What the task requires:
Starting from the line with "16:9 Stage Screen Mockup" and going up to and including the line with "Mm6 Maison Margiela", copy the listing below exactly. Leave all images out.

Exercise materials:

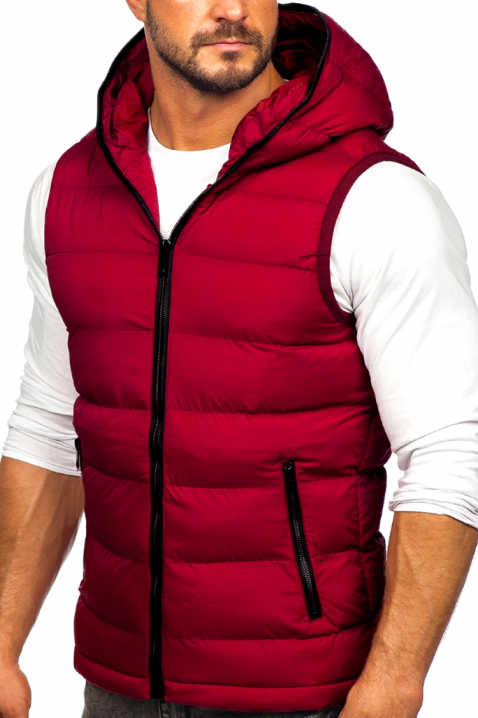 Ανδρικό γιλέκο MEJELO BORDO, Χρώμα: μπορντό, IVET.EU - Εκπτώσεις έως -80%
* * *
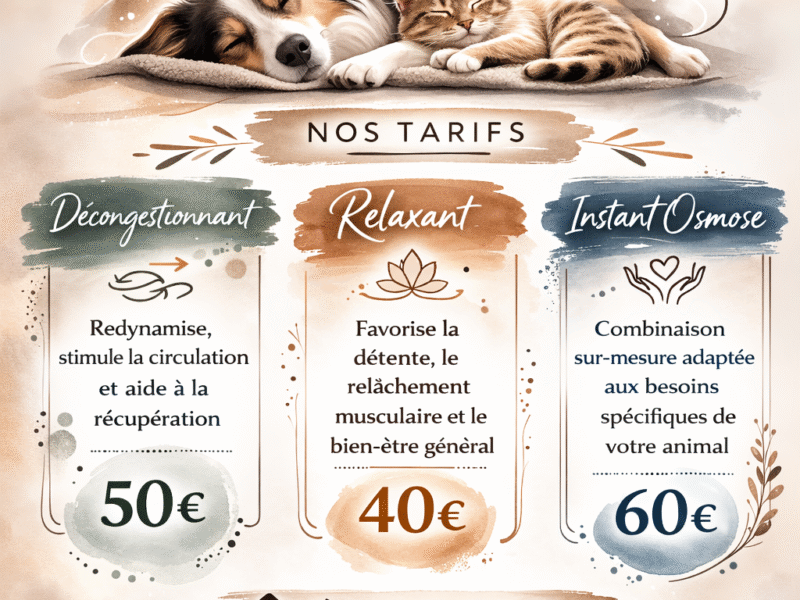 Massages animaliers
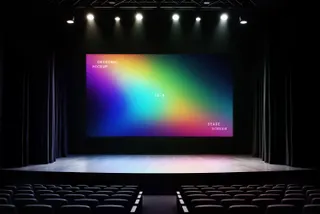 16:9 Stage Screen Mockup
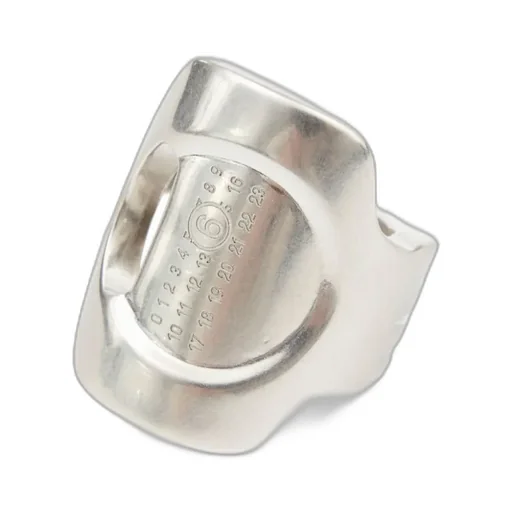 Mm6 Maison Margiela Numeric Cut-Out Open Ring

Result below:
 16:9 Stage Screen Mockup
 Mm6 Maison Margiela Numeric Cut-Out Open Ring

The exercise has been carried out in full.